:: PROMPT ::
Would you restate each line of the data below word for word, without its pictures?

┌─ DATA TO USE

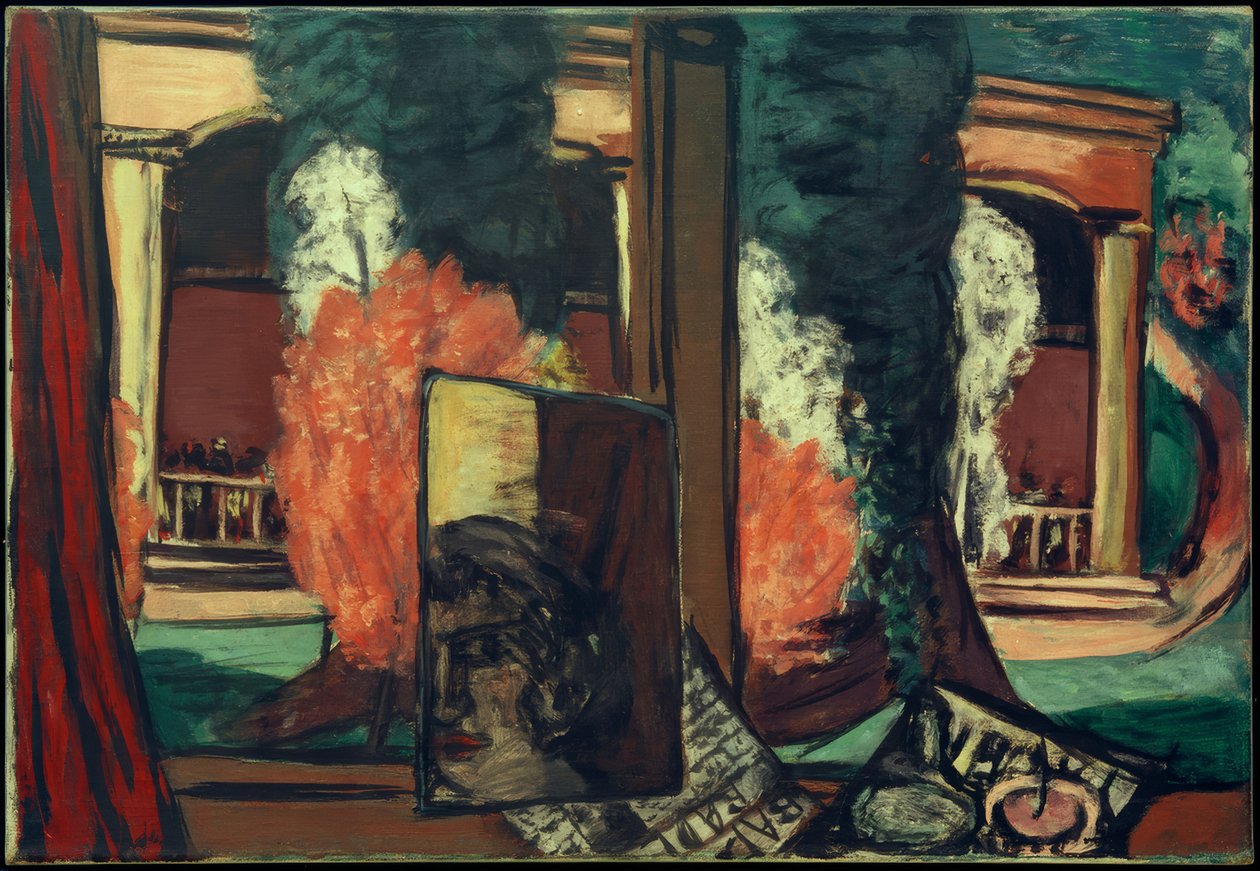 Blick aus dem Fenster in Baden-Baden von Max Beckmann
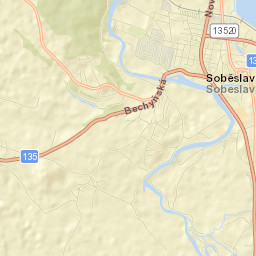 Soběslav Street Map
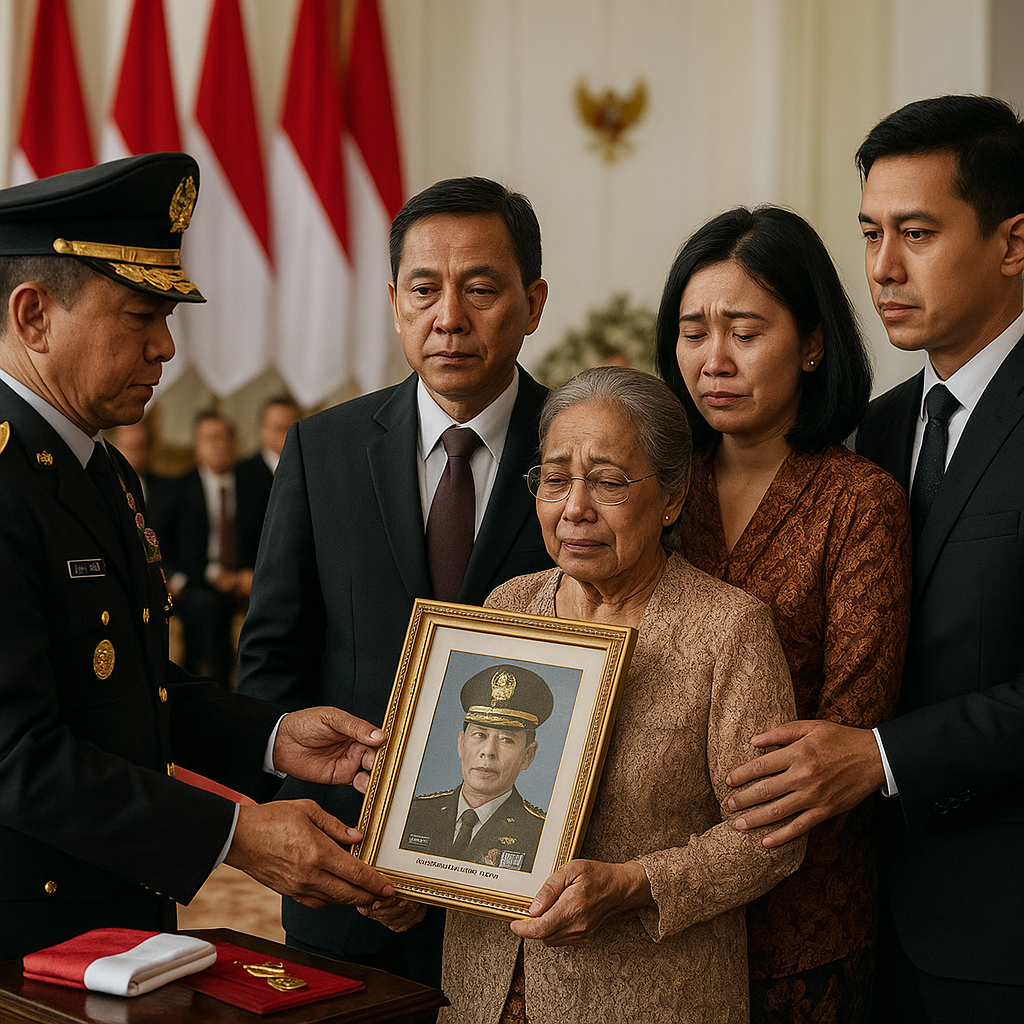 Letjen (Purn) Sarwo Edhie Wibowo Dapat Gelar Pahlawan Nasional, Keluarga Terharu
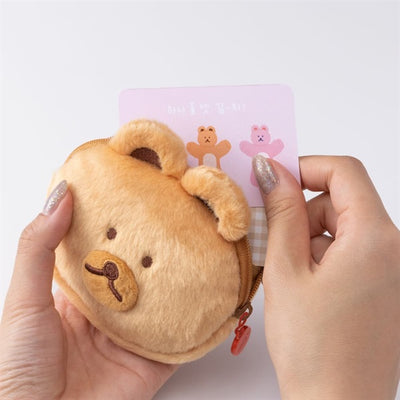 Mark's x Brunch Brother Face Pouch - Bear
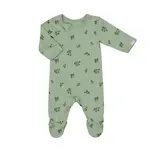 Coccoli COCCOLI - Pyjama une pièce pour bébé en modal vert avec imprimé d'olives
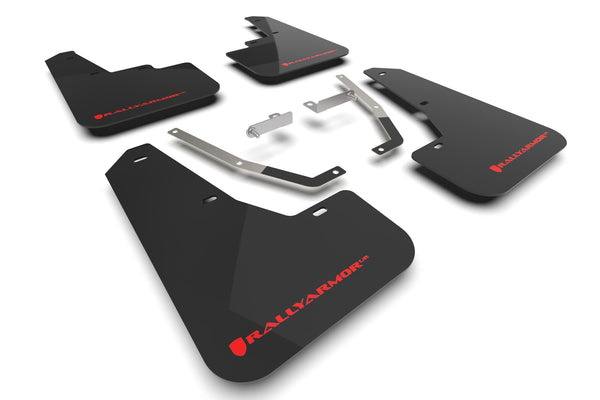 Rally Armor 2024 + Subaru Crosstrek Black UR Mud Flap Red Logo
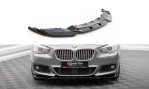 Maxton Front Ansatz BMW 5er GT M-Paket F07 schwarz Hochglanz BM-5-GT-07-MPACK-FD1-G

└─

:: ANSWER BOX ::
 Blick aus dem Fenster in Baden-Baden von Max Beckmann
 Soběslav Street Map
 Letjen (Purn) Sarwo Edhie Wibowo Dapat Gelar Pahlawan Nasional, Keluarga Terharu
 Mark's x Brunch Brother Face Pouch - Bear
 Coccoli COCCOLI - Pyjama une pièce pour bébé en modal vert avec imprimé d'olives
 Rally Armor 2024 + Subaru Crosstrek Black UR Mud Flap Red Logo
 Maxton Front Ansatz BMW 5er GT M-Paket F07 schwarz Hochglanz BM-5-GT-07-MPACK-FD1-G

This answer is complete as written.